As the journal editor, she oversees and reads all the issues. “Most Cairo Papers issues were eye-openers for me,” Hamdy admits. But evidently some more than others. Among the most interesting to her were Scenes of Schooling: Inside a girls’ school in Cairo (vol. 15, issue no. 1), Street Children in Egypt (vol. 26, issue no. 2), and Anthropology in Egypt: 1900–67: Culture, Function, and Reform (vol. 33, issue no. 2)—three issues, among others, that went out of stock very soon after they were published. “The first one gave me a detailed account of the so-called Islamic schools in Egypt back in the 1990s and the way they socialize children with regard to both religion and the state, which is totally different from what we learn and expect in our mainstream schools. The one on street children took me to a world I knew nothing about and gave me a much better understanding of what it means to live in the street. And finally, the history of anthropology in Egypt was a fascinating piece about the people who established the field in this country, and made me interested in reading their works to know more.”
Every year the CPSS holds its Annual Symposium—now in its 28th year. “The symposium has been a valuable addition to Cairo Papers, as it has given us the chance to publish research in newly navigated areas such as the issues on sports in the Middle East and the food question in the Middle East,” said Hamdy.
The symposium came about in 1991, when Professor Dan Tschirgi, who was the editor of Cairo Papers at the time, suggested that a small symposium be held to debate, from an academic point of view, the Gulf crisis, following Saddam Hussein’s invasion of Kuwait. From that year on, the board decided to make the symposium an annual event and to publish the papers presented in it as a Cairo Papers issue. “Chosen themes covered timely and understudied topics, and participants were selected by the organizers from the local and international arenas in order to allow for a fruitful exchange of ideas related to the relevant topic,” says Hamdy, stressing that “the symposium is multi-disciplinary and tries to provide a comparative perspective for the issue in question by bringing research from more than one place in the Middle East.”

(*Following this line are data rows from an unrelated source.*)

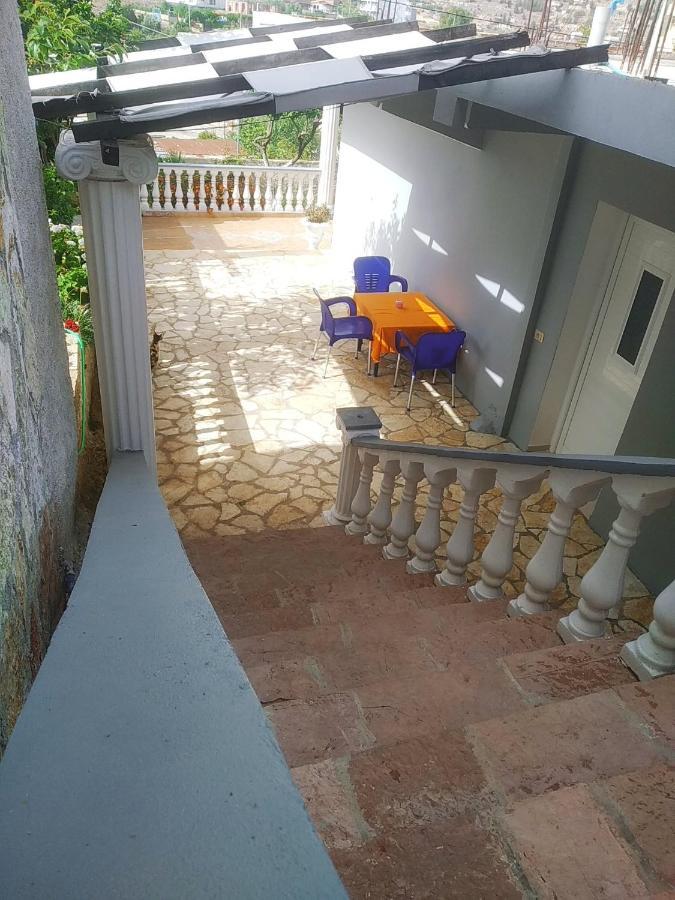 Amantia Apartments ซารานเดอ ภายนอก รูปภาพ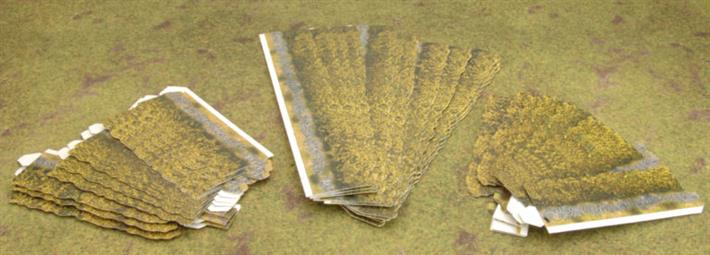 Flames of War: D-Day - Bocage Mission Terrain Pack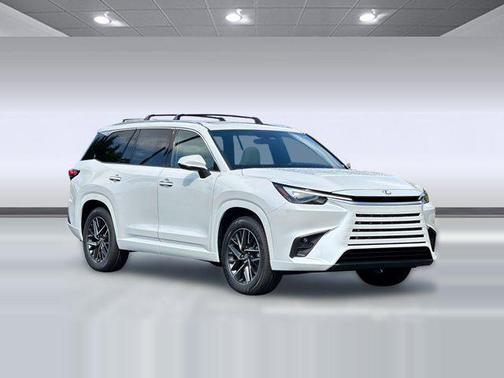 Wind Chill Pearl 2026 Lexus TX 350 Premium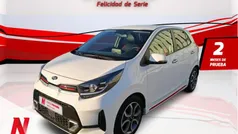 Usado 2021 Kia Picanto GT-Line Utilitario | 14.009 € (Precio justo)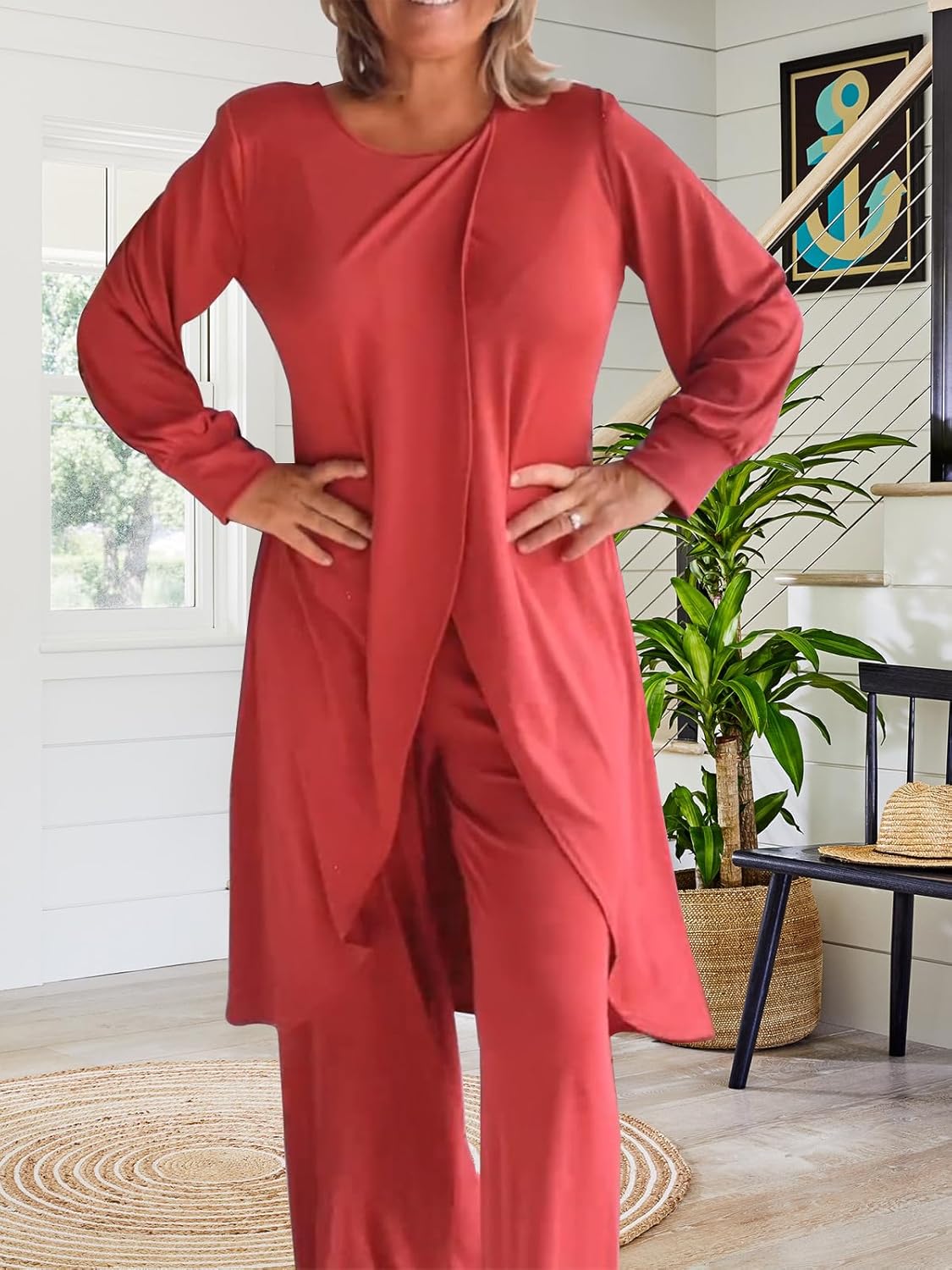 Isa™ | Relaxte Dames Outfit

Next month, the CPSS will hold a fascinating and unusual symposium. It will focus on just one city: Cairo: A City in Mutation. “There are so many changes going on in the urban landscape, political economy, and social relations in Cairo that we chose to dedicate the whole event to discussing and analyzing these transformations in terms of their implications for Egypt as well as being a showcase for other mega-cities across the world,” says Hamdy.